The study entitled "Vital Surveillances: The Epidemiological Characteristics of an Outbreak of the 2019 Novel Coronavirus Diseases (COVID-19) – China, 2020" used data current through February 11, 2020. The authors of the study looked at a total of 72,314 patient records of which 44,672 (61.8 percent) were confirmed cases, 16,186 (22.4 percent) suspected cases, 10,567 (14.6 percent clinically diagnosed cases in Hubei Province) and 889 (1.2 percent) asymptomatic cases. Information that would have identified the patients were stripped from records and there was no sampling done to achieve a predetermined study size since all cases were included in the study.
The severity of symptoms was categorized as follows:
1.) Mild – non-pneumonia and mild pneumonia cases
2.) Severe – dyspnea (shortness of breath), respiration frequency greater than 30 per minute, blood oxygen saturation less than 93 percent and/or lung infiltrates greater than 50 percent within 24 to 48 hours.
3.) Critical – respiratory failure, septic shock, multiple organ dysfunction or failure.

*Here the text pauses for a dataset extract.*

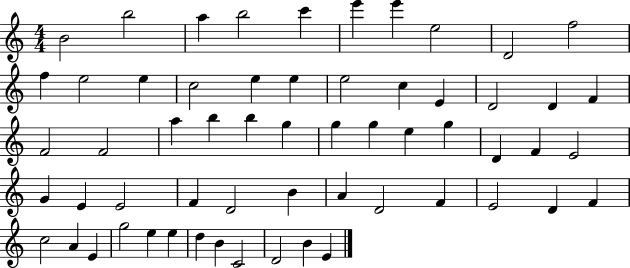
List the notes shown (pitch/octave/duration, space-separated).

B4/h B5/h A5/q B5/h C6/q E6/q E6/q E5/h D4/h F5/h F5/q E5/h E5/q C5/h E5/q E5/q E5/h C5/q E4/q D4/h D4/q F4/q F4/h F4/h A5/q B5/q B5/q G5/q G5/q G5/q E5/q G5/q D4/q F4/q E4/h G4/q E4/q E4/h F4/q D4/h B4/q A4/q D4/h F4/q E4/h D4/q F4/q C5/h A4/q E4/q G5/h E5/q E5/q D5/q B4/q C4/h D4/h B4/q E4/q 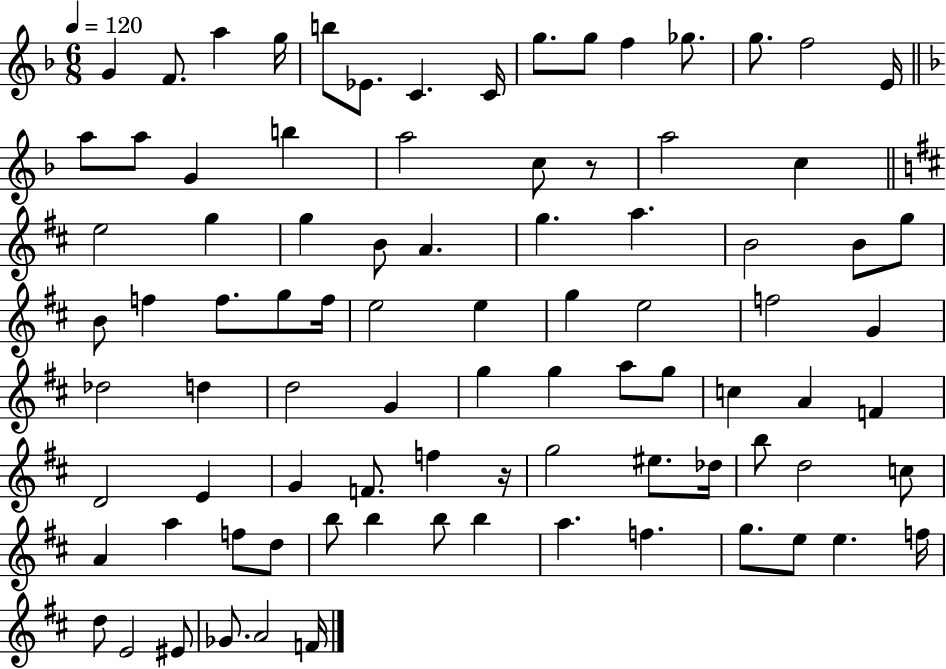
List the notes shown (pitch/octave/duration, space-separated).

Confirmed cases were based on positive viral nucleic acid tests on throat swabs. Clinically diagnosed cases were suspected cases with lung imaging features consistent with coronavirus pneumonia. Asymptomatic cases were diagnosed based on positive viral nucleic acid test results but an absence of COVID-19 symptoms such as fever and dry cough.

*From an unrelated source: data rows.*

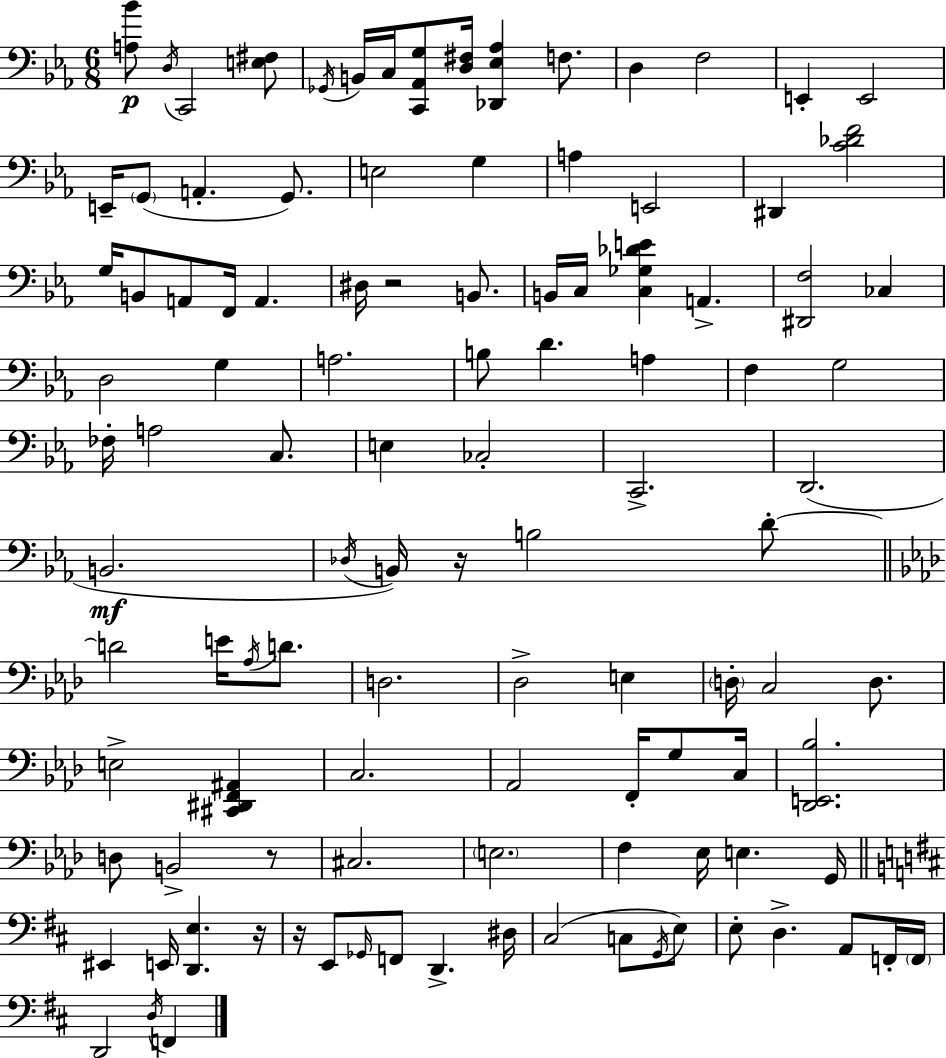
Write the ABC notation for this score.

X:1
T:Untitled
M:6/8
L:1/4
K:Cm
[A,_B]/2 D,/4 C,,2 [E,^F,]/2 _G,,/4 B,,/4 C,/4 [C,,_A,,G,]/2 [D,^F,]/4 [_D,,_E,_A,] F,/2 D, F,2 E,, E,,2 E,,/4 G,,/2 A,, G,,/2 E,2 G, A, E,,2 ^D,, [C_DF]2 G,/4 B,,/2 A,,/2 F,,/4 A,, ^D,/4 z2 B,,/2 B,,/4 C,/4 [C,_G,_DE] A,, [^D,,F,]2 _C, D,2 G, A,2 B,/2 D A, F, G,2 _F,/4 A,2 C,/2 E, _C,2 C,,2 D,,2 B,,2 _D,/4 B,,/4 z/4 B,2 D/2 D2 E/4 _A,/4 D/2 D,2 _D,2 E, D,/4 C,2 D,/2 E,2 [^C,,^D,,F,,^A,,] C,2 _A,,2 F,,/4 G,/2 C,/4 [_D,,E,,_B,]2 D,/2 B,,2 z/2 ^C,2 E,2 F, _E,/4 E, G,,/4 ^E,, E,,/4 [D,,E,] z/4 z/4 E,,/2 _G,,/4 F,,/2 D,, ^D,/4 ^C,2 C,/2 G,,/4 E,/2 E,/2 D, A,,/2 F,,/4 F,,/4 D,,2 D,/4 F,,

Let's open with this series of maps showing how COVID-19 spread throughout China:
Here is what the authors found:
1.) The fatality rate of 2.3 percent was found among confirmed cases (1,023 deaths out of 44,672 confirmed cases).

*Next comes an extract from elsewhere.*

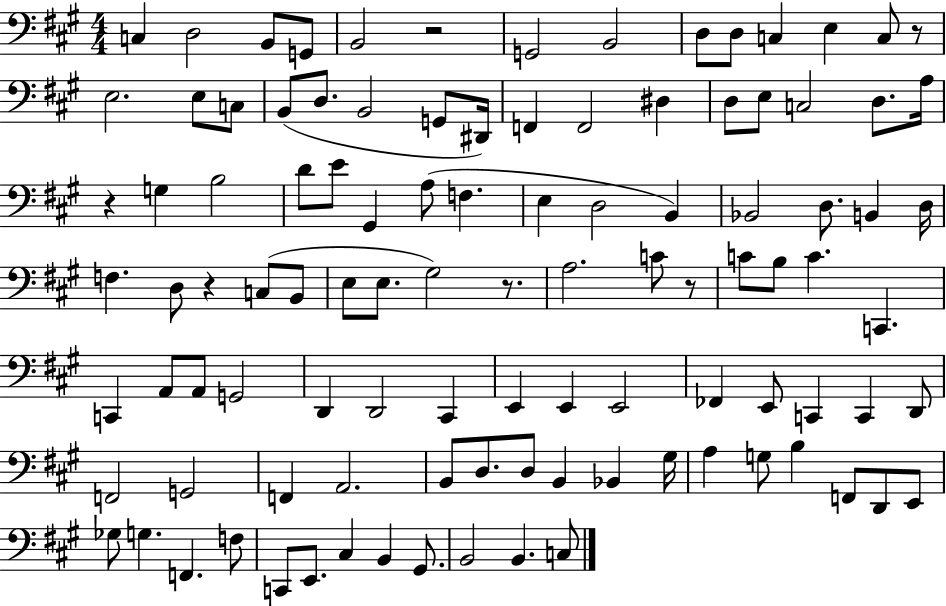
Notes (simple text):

C3/q D3/h B2/e G2/e B2/h R/h G2/h B2/h D3/e D3/e C3/q E3/q C3/e R/e E3/h. E3/e C3/e B2/e D3/e. B2/h G2/e D#2/s F2/q F2/h D#3/q D3/e E3/e C3/h D3/e. A3/s R/q G3/q B3/h D4/e E4/e G#2/q A3/e F3/q. E3/q D3/h B2/q Bb2/h D3/e. B2/q D3/s F3/q. D3/e R/q C3/e B2/e E3/e E3/e. G#3/h R/e. A3/h. C4/e R/e C4/e B3/e C4/q. C2/q. C2/q A2/e A2/e G2/h D2/q D2/h C#2/q E2/q E2/q E2/h FES2/q E2/e C2/q C2/q D2/e F2/h G2/h F2/q A2/h. B2/e D3/e. D3/e B2/q Bb2/q G#3/s A3/q G3/e B3/q F2/e D2/e E2/e Gb3/e G3/q. F2/q. F3/e C2/e E2/e. C#3/q B2/q G#2/e. B2/h B2/q. C3/e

2.) The fatality rate was highest among patients aged 80 and older at 14.8 percent
3.) The case fatality rate for males was 2.8 percent.
4.) The case fatality rate for females was 1.7 percent.
5.) Patients who reported being retired had the highest fatality rate at 5.1 percent.
6.) The fatality rate in Hubei Province was 2.9 percent compared to only 0.4 percent fatality rate in other provinces.
7.) Patients with no pre-existing or comorbid condition (simultaneous health conditions) had a fatality rate of 0.9 percent.
8.) Patients with a comorbid condition had a mortality rate that was much higher as follows:
a.) cardiovascular disease – 10.5 percent
b.) diabetes – 7.3 percent
c.) chronic respiratory disease – 6.3 percent
d.) hypertension – 6.0 percent
e.) cancer – 5.6 percent
9.) Case fatality rate for cases categorized as critical was 49 percent.
10.) No deaths have occurred among cases classified with mild or severe symptoms.
Here is a table which summarizes the findings of the study:
Let's close with a final quote from the authors:
"In conclusion, the present descriptive, exploratory analysis of the first 72,314 cases of COVID-19 reported through February 11, 2020 offers important new information to the international community on the epidemic in China. In particular, this analysis chronicles the extremely rapid spread of the novel coronavirus despite extreme efforts to contain it. However, important questions remain including identification of the animal reservoir, determination of infectiousness period, identification of transmission routes, and effective treatment and prevention methods including further test development, drug development, and vaccine development. As an international community, we must all be responsible partners in surveillance, communication, response, research, and implementation of evidence-based public health and clinical practice. The massive vigorous actions taken by the Chinese government have slowed down the epidemic in China and curbed spread to the rest of the world. Although the epidemic appears to be in decline in the lead up to February 11, 2020, we may yet face more challenges. Huge numbers of people will soon be returning to work and school after the extended New Year holiday. We need to prepare for a possible rebound of the COVID-19 epidemic in the coming weeks and months."